La diferencia entre idea e ideal no es pequeña, pero es sutil y es necesario, por tanto, entenderla bien. Walter Benjamin, hace ya muchos años, lo hizo a la perfección, cuando se refirió a la socialdemocracia. En ‘Sobre el concepto de historia’, este filósofo –muerto en Portbou huyendo de la persecución nazi– lo explica así:
“Marx secularizó la idea del tiempo mesiánico en la idea de la sociedad sin clases. Y lo hizo bien. La desgracia comienza cuando la socialdemocracia eleva esta idea a ‘ideal’. En la doctrina neokantiana lo ideal era definido como una ‘tarea infinita’. Y esta doctrina fue la filosofía escolar del Partido Socialdemócrata. […] Desde el momento en que la sociedad sin clases era definida como tarea infinita, el tiempo homogéneo y vacío se transformó, por así decirlo, en una antecámara en la que se podía esperar con más o menos paciencia la llegada de la situación revolucionaria”.
Traducido, supongo que ya entiende qué quiero decir, la cosa podría decir, más o menos, así: “A partir del momento en que la independencia es definida por los partidos no como un objetivo inmediato sino como una tarea infinita que no se acabará nunca, el tiempo se transforma en una antecámara donde los políticos pueden esperar, cómodamente, la llegada de la situación revolucionaria sin hacer más que vivir los placeres del poder que han adquirido”. Y ahí está la clave de todo.
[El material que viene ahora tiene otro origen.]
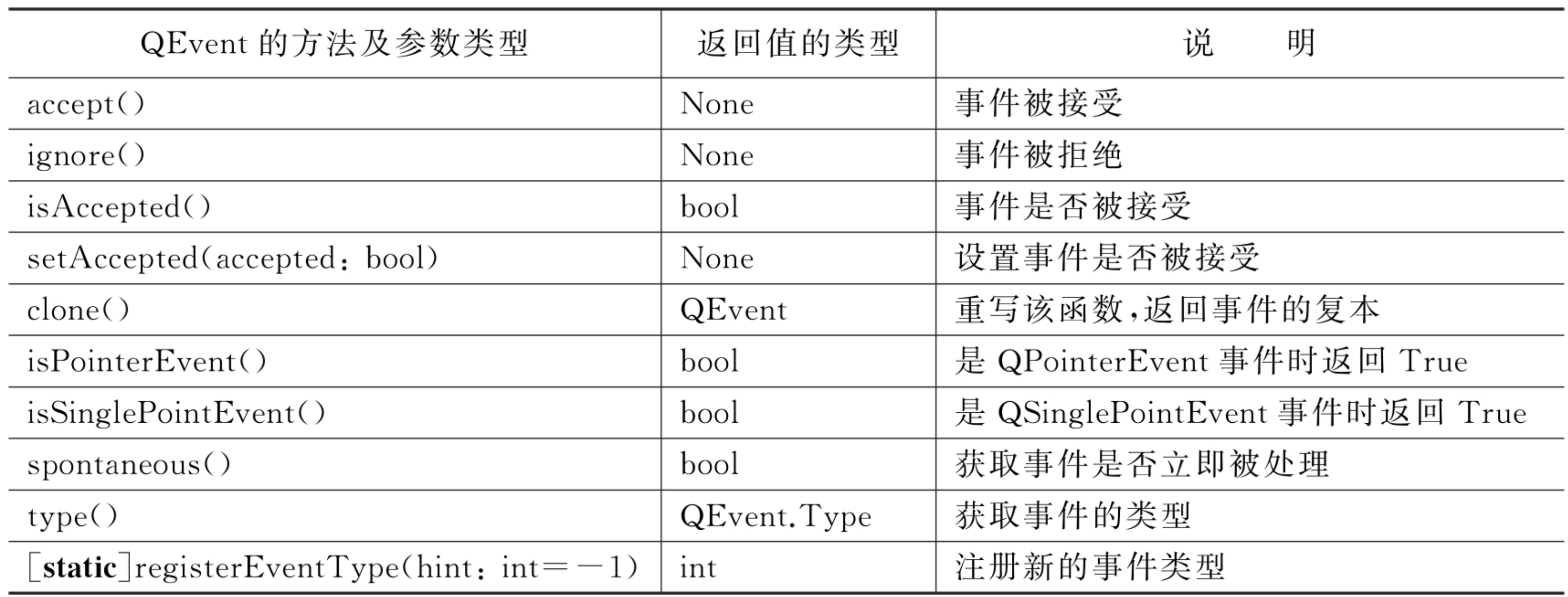 Pyqt6PySide6 事件与事件的处理函数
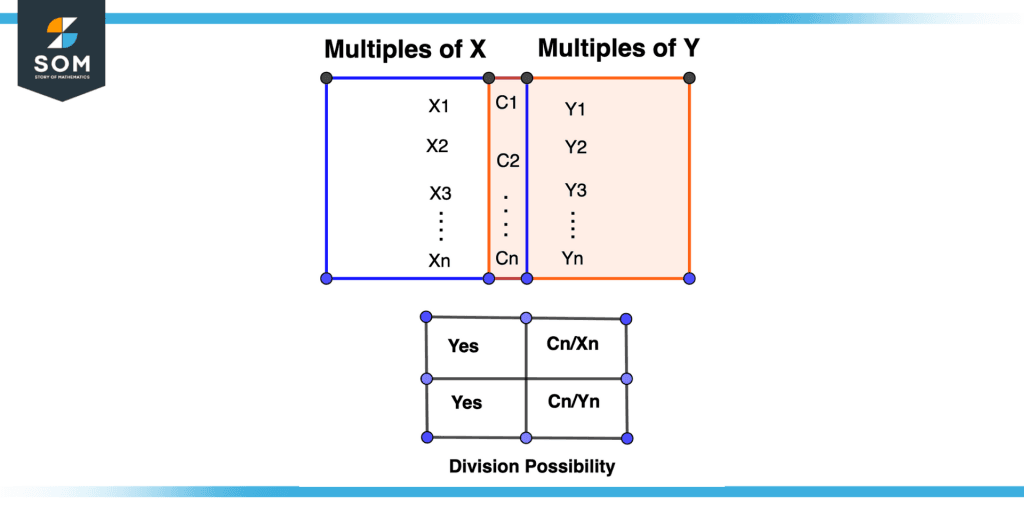 What are Common Multiples? Definition, Examples, Facts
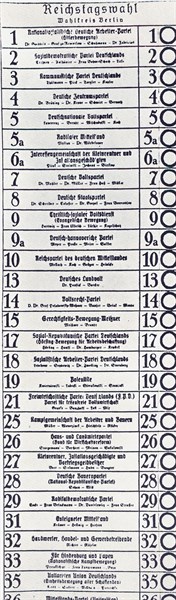 Proportional representation in Germany 1932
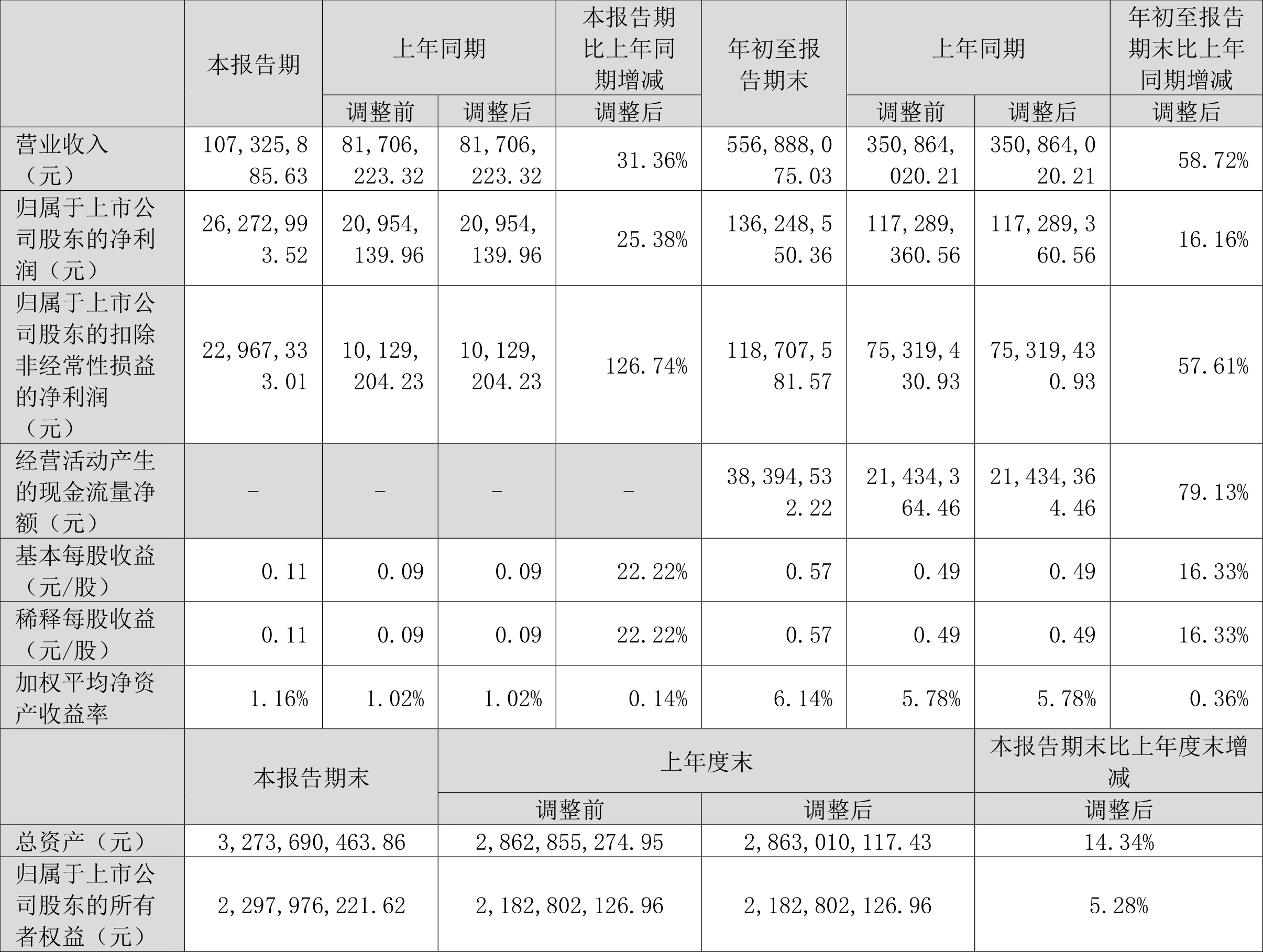 36亿元 同比增长16.16%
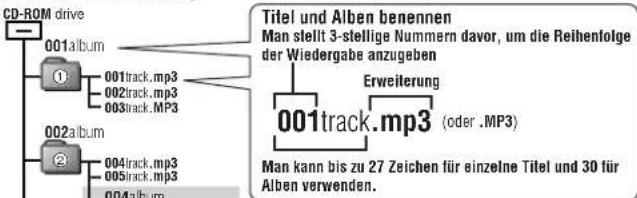 PANASONIC SLJ900 - Wasist MP3? - 1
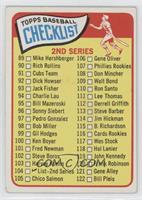 Checklist - Cards 89-176 (2nd Series) [Good to VG‑EX]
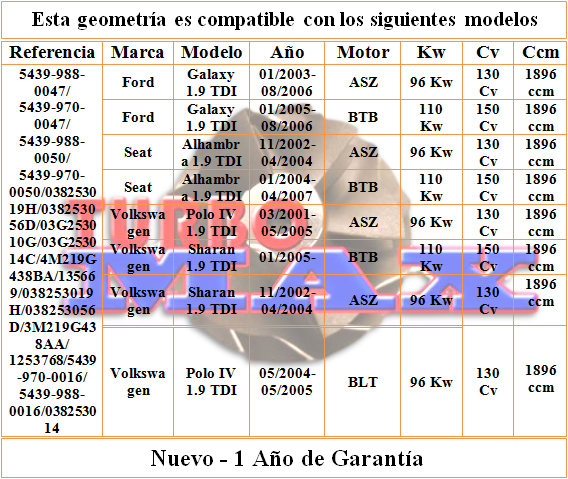 http://turbo-max.es/geometrias/5439-988-0047/5439-988-0047%20tabla.png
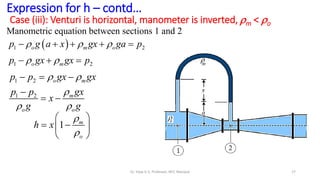 Expression for h – contd…
Case (iii): Venturi is horizontal, manometer is inverted, m < o
Manometric equation between sections 1 and 2
 
1 2
  
    
o m o
p g a x gx ga p
1 2
 
  
o m
p gx gx p
1 2  
  
o m
p p gx gx
1 2 
 

  m
o o
gx
p p
x
g g
1


 
 
 
 
m
o
h x
17
Dr. Vijay G S, Professor, MIT, Manipal
 
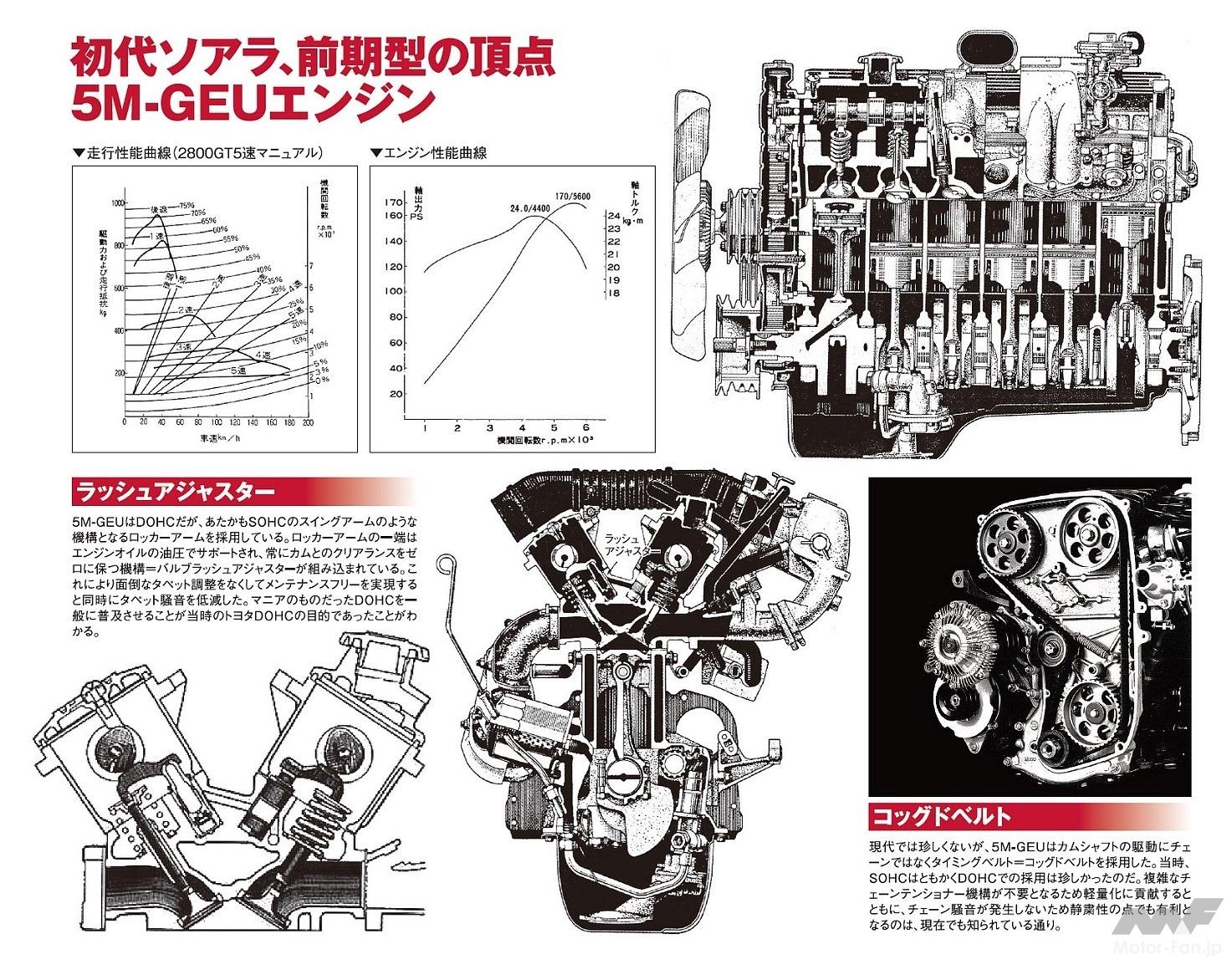 技術と贅を尽くしたラージ高級スペシャリティカー対決！日産「レパード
Ellos irán tirando, tras haber convertido la autonomía básicamente en un negocio a gestionar y el PSOE, ya lo ven cada día, estará de acuerdo porque una independencia-ideal, sin aspiraciones de ser nunca real, no le causa ninguna molestia, en realidad.
Pero quedan dos dudas. Qué pasará con la pendiente ferroviaria española que, desatada por el proceso de independencia, no se detiene ni saben cómo detener. Y sobre todo si los ciudadanos catalanes podrán aceptar esta trampa. Y aquí es donde encaja por qué hacen esa cosa tan extraordinaria de ceder el paso al castellano, que nunca se había hecho en la historia ya centenaria del catalanismo. Lo hacen para humillarnos, conscientes de que una persona humillada, que un movimiento humillado, no es capaz de hacer nada, ni de disputar la razón o el poder a quien le humilla.
De modo que todo esto está en juego de aquí al segundo intento de aprobar la ley, que será el 26 de este mes en el parlament. El primer intento les falló, lo que dice muchísimo a favor del país, por lo que están tan cabreados. Pero en el segundo intento, no tengan ninguna duda, aún nos jugamos más.
PS. He sacado la cita de Walter Benjamin de la edición catalana de ‘Sobre el concepto de historia’, publicada hace tres años por la editorial Flâneur, con traducción de Marc Jiménez Buzzi y Arnau Pons. Es una edición extraordinaria, un auténtico lujo, una preciosidad que deja a la cultura catalana a la altura de la más noble y alta cultura europea.